Make the build script use local $USERID and $GROUPID as args during the build process.

In docker-compose.yml (or, if using docker directly, using --build-arg):

    build:
      context: ./build
      args:
        USERID: ${USERID}
        GROUPID: ${GROUPID}

So you're passing the local uid and gid as variables to the build process.(1)

In build/Dockerfile:

  FROM image:tag
  WORKDIR "/application"
  ARG USERID
  ARG GROUPID

  RUN if [ ${USERID:-0} -ne 0 ] && [ ${GROUPID:-0} -ne 0 ]; then userdel -f www-data ;fi \
    && if getent group ${GROUPID} ; then groupdel www-data; fi \
    && groupadd -g ${GROUPID} www-data && useradd -m -l -u ${USERID} -g www-data www-data -s /bin/bash \
(1) $USERID and $USERID might not be available as an environment variable on your system.

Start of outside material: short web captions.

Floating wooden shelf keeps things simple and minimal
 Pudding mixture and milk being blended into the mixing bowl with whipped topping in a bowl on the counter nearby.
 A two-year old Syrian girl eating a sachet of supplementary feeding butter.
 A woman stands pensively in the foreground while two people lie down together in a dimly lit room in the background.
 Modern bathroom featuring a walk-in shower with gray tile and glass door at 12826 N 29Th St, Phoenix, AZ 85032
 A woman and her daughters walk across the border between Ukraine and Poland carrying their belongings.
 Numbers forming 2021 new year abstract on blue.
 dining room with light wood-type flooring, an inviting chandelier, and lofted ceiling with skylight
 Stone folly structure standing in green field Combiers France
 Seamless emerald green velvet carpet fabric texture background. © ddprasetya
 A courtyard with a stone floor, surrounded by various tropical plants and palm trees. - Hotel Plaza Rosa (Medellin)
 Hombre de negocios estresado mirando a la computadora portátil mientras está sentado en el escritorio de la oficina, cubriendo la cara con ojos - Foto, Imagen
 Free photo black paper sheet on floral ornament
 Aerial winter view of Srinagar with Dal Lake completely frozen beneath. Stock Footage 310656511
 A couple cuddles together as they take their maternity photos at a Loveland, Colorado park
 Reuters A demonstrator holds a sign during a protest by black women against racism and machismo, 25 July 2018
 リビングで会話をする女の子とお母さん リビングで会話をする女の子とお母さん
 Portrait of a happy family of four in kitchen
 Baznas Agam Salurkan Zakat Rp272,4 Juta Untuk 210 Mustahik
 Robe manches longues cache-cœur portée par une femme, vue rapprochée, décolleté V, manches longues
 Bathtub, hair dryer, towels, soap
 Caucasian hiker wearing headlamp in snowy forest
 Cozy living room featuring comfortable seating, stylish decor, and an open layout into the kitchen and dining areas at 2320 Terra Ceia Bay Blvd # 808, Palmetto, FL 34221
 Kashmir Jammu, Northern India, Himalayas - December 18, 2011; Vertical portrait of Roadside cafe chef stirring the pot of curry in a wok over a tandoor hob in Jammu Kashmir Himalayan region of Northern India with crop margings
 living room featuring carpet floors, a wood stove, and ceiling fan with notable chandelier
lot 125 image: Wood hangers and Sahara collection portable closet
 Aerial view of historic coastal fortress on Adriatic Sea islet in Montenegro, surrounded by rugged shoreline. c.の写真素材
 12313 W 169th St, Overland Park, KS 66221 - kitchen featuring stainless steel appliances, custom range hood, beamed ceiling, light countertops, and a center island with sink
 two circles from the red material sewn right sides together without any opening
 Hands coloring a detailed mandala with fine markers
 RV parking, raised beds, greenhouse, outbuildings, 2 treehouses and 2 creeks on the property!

To do so, place this under .bashrc:

  export USERID=$(id -u)
  export GROUPID=$(id -g)
5 comments

But that doesn't solve the problem, just works around it:

1. Images are still pre-baked with a given UID/GID pair, so you can't distribute them as something universal and reusable.

2. This requires workarounds / extra steps on a local workstation, so it doesn't work for everyone unless they follow a given project's unique quirks setup.

Shell/compose duct tape like this doesn't make for a great experience, this really should be solved by upstream projects themselves as it's an extremely common issue when attempting to use Docker.

It's a feature for a multi-tenant deployment if you use user remaps. Maybe you only allow specific tenant containers with tenant specific uid/gid.
1. Nope, they are not pre-baked. They are built at runtime from env vars on each machine. 2. One step, setting up two vars. They can be set by a build script. Lots of things have build scripts way more complicated than this.

The only tedious thing is you have to adapt this for every image type you run.

> The only tedious thing is you have to adapt this for every image type you run.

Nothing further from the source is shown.